The assignment to the developer contained an acknowledgement of receipt of the purchase price (though it had not been paid). It was held that this did not prevent the resulting trust claim since this was collateral to the assignment and not an action on the assignment. The plaintiff was not estopped from bringing evidence to show that the consideration had not been paid ([44]).

Michael Lower

Tang Kim Kwan Patrick – Court of Appeal

March 24, 2014

Tang Kim Kwan Patrick v Lee Chi Ting Karen ([2014] HKEC 292, CA) concerned four properties in Hong Kong. Three were purchased in the name of the defendant and one was in the joint names of the plaintiff and the defendant. The defendant, who had been the plaintiff’s mistress and had a child by him, had not provided any of the purchase price for any of the properties. The relationship between the parties broke down and the plaintiff alleged that the properties were all held on resulting trust for him and, in one case, the company that he used for his property investment activities.

The defendant appealed against the first instance decision in respect of two of the properties. In the case of one of the properties (Metro Harbour View) the plaintiff had told the defendant that this had been purchased for her ‘to hold onto’. What was the reasonable inference to be drawn from the plaintiff’s words and conduct (including the words just mentioned) ([21])? They were unequivocal evidence of an intention to make a gift ([25]). This was borne out by certain post-acquisition statements of the plaintiff which could be accepted as good evidence of his intention at the time of the acquisition ([27]). The property was intended to be a gift ([29]).

It was accepted that another property (Royal Peninsula) was held on resulting trust for the plaintiff. It had been found, however, that the intention was that the property should be re-sold quickly and that the defendant was entitled  to keep any profit. Although the profit could not be the subject matter of a gift, a power of sale could be. The plaintiff had made a gift of the power of sale ([43]). This was combined with a power to keep the net profit after sale ([42]). The defendant was ordered to sell the property and hand over the original purchase price to the plaintiff. She could keep the net profit (net of any rentals received) ([44]).

Michael Lower

Voluntary transfer and resulting trust

November 7, 2013

In Hodgson v Marks ([1971] 2 All ER 684, CA (Eng)) a lady (Mrs H) made a voluntary transfer of her house to her lodger. It was accepted that they both knew that no gift was intended and that the purpose was simply to prevent the lady’s nephew from ejecting the lodger.

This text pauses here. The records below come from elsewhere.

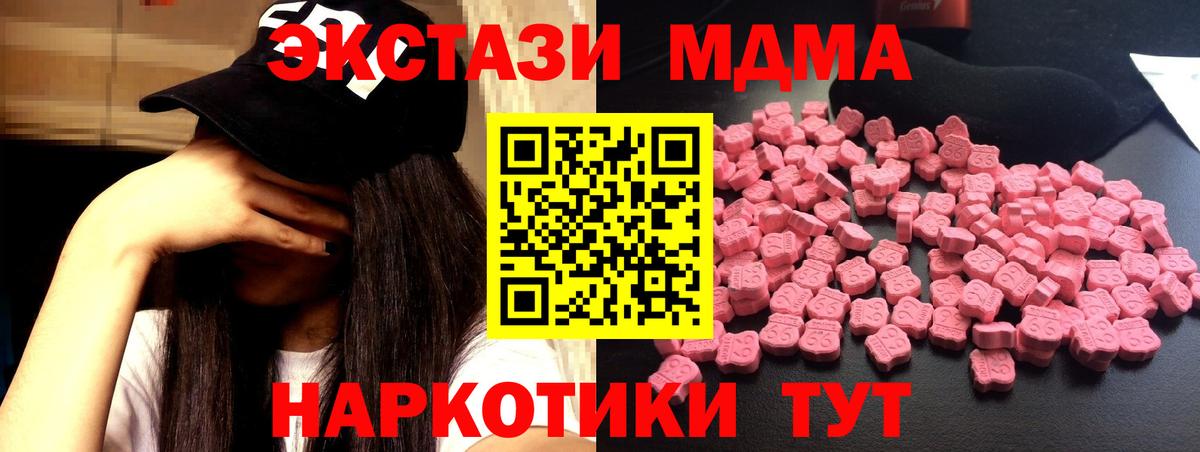 Зерноград  МДМА VHQ  Вход с VPN  МДМА  MDMA молли 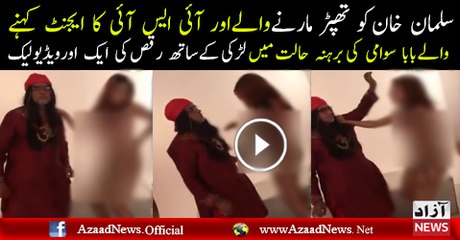 Om Swami Dancing With Girl!! Leak Video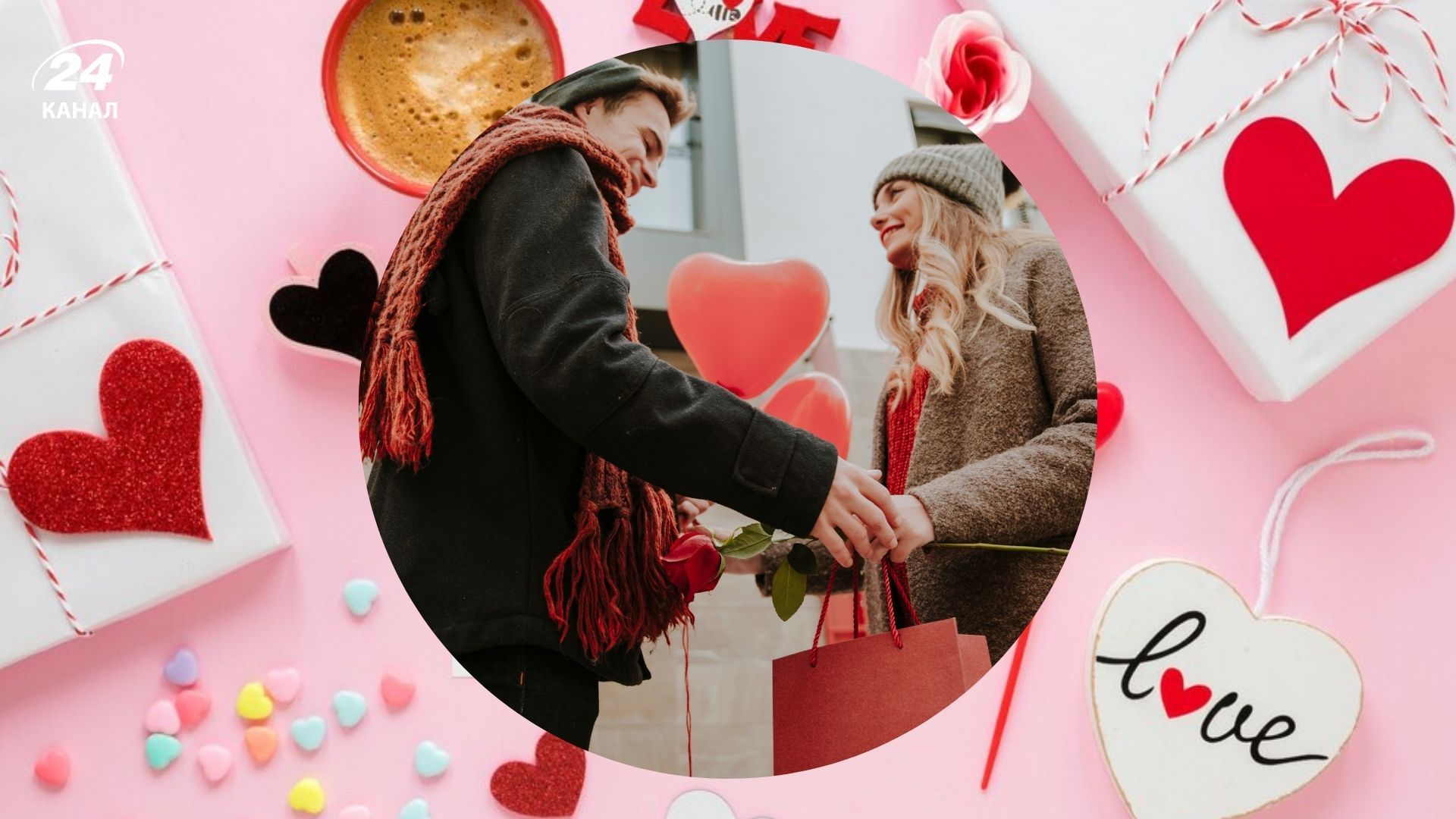 День Святого Валентина 2025 День Святого Валентина 2025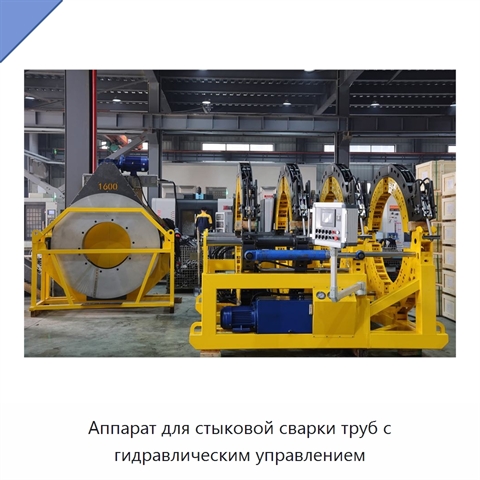 Аппарат для стыковой сварки труб с гидравлическим управлением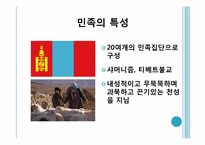 패션에 영향을 주는 타 문화와 그에 따른 미의식과 패션 변화 -몽골복식-8
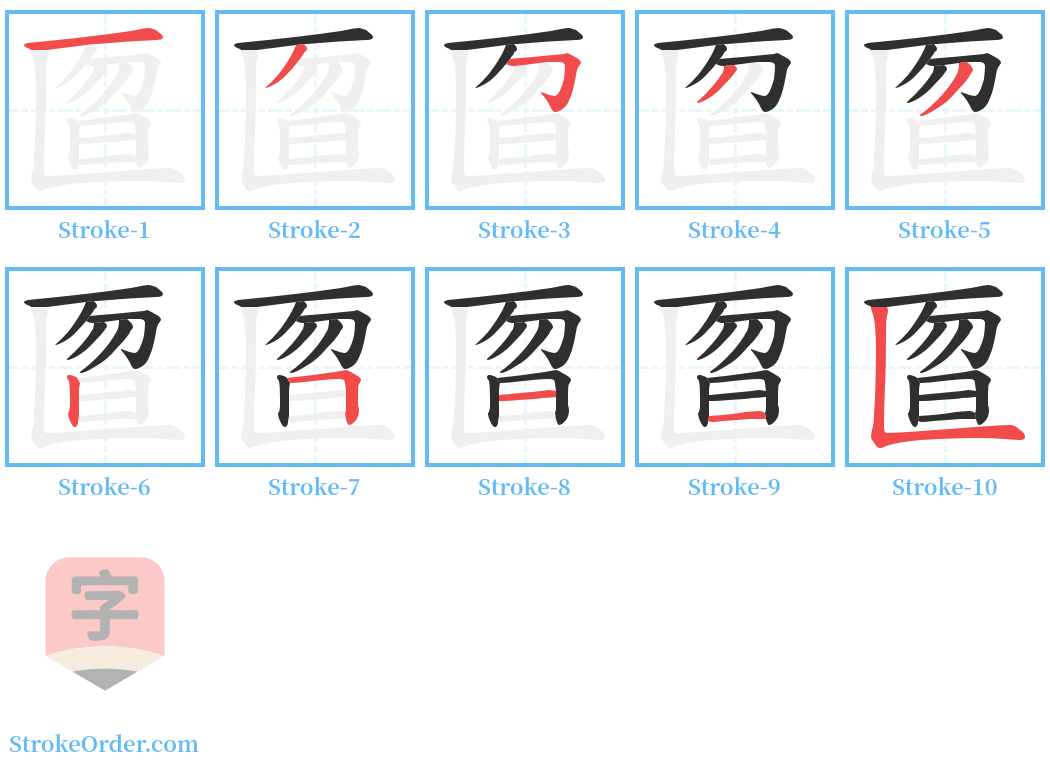 匫 Stroke Order Diagrams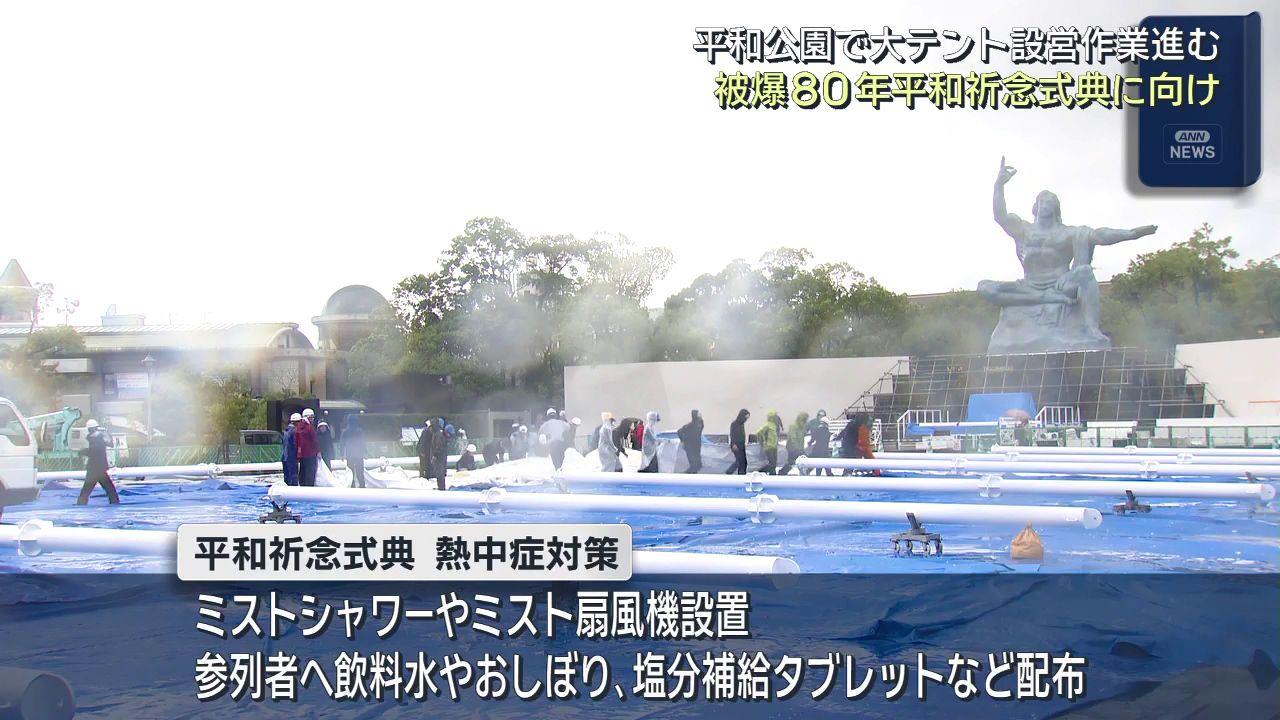 約４０メートル四方の大テント設営進む　平和祈念式典には過去最多の国と地域が参加予定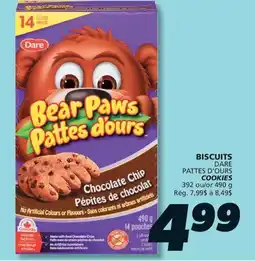 IGA DARE COOKIES offer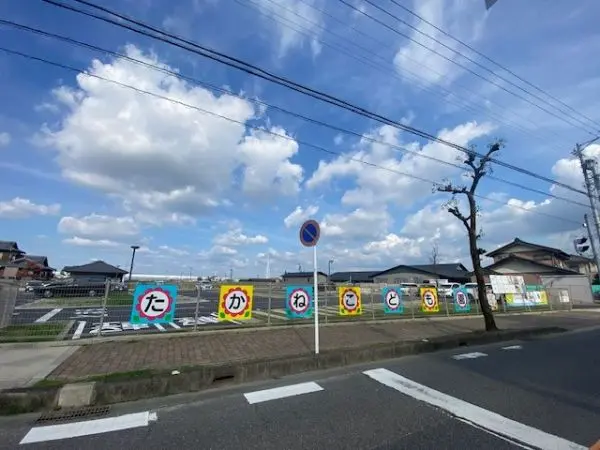 徒歩11分。岡崎女子大学・岡崎女子短期大学の付属園、幼保連携型認定こども園です。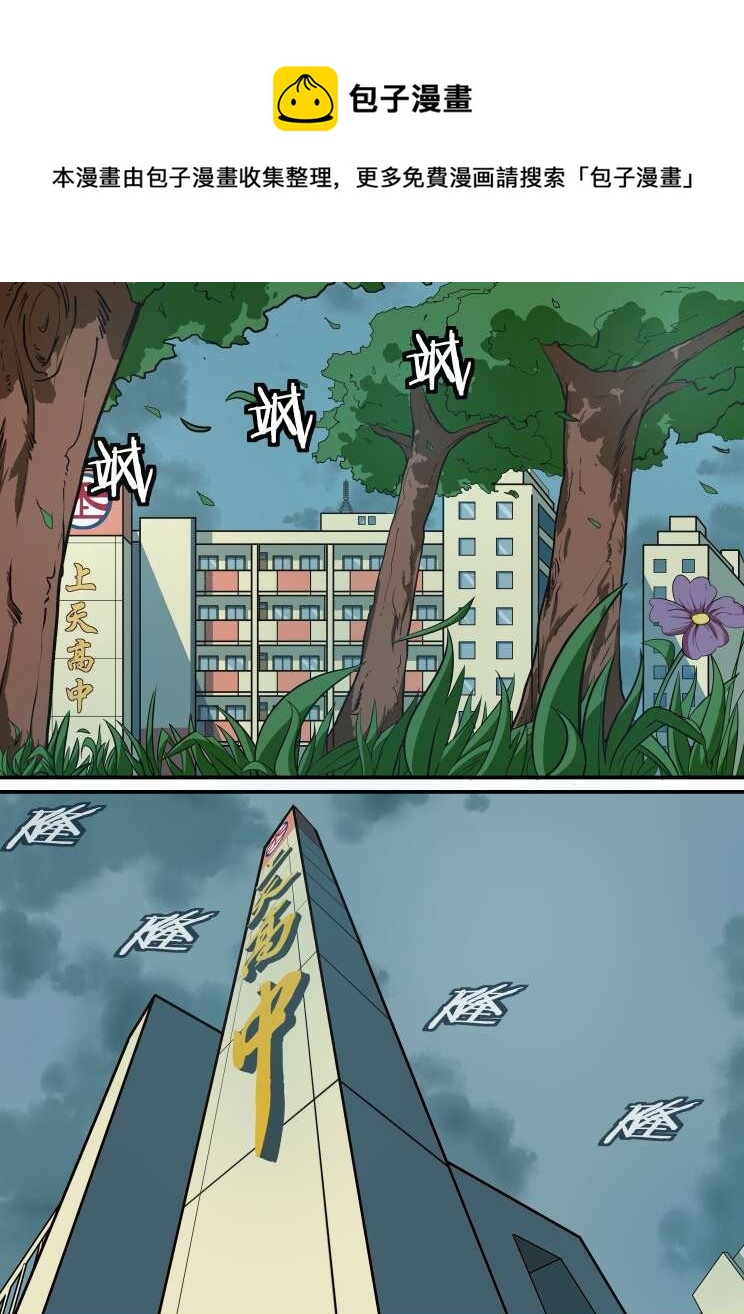 13 第七章 决斗（中）-第13话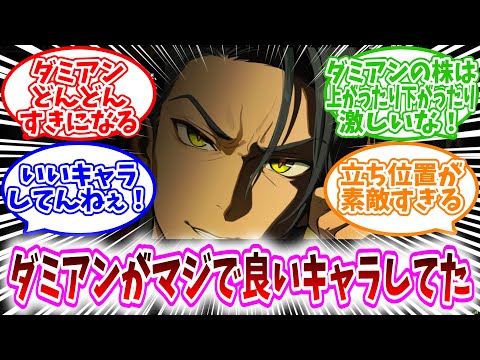 【ゼンゼロ反応集】「ダミアンがマジで良いキャラしてた」に対する、開拓者達の反応集/ダミアンどんどんすきになる/ダミアンの株は上がったり下がったり激しいな！/立ち位置が素敵すぎる/いいキャラしてんねぇ！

The English Court of Appeal found as a fact that the lodger held the property on trust for Mrs H. This was so first because this was a voluntary transfer and the evidence showed that there was no intention to make a gift. Alternatively, the resulting trust arose because this was an attempt to create an express trust that failed for want of compliance with section 53(1) of the Law of Property Act 1925 (in this respect in the same terms as section 5(1) of Hong Kong’s Conveyancing and Property Ordinance) (Russell LJ at 689).

Alternatively, this was a case of an express trust where compliance with section 53(1) could not be relied upon:

‘Quite plainly Mr Evans could not have placed any reliance on s.53 for that would have been to use the section as an instrument of fraud.’ (Russell LJ at p 689).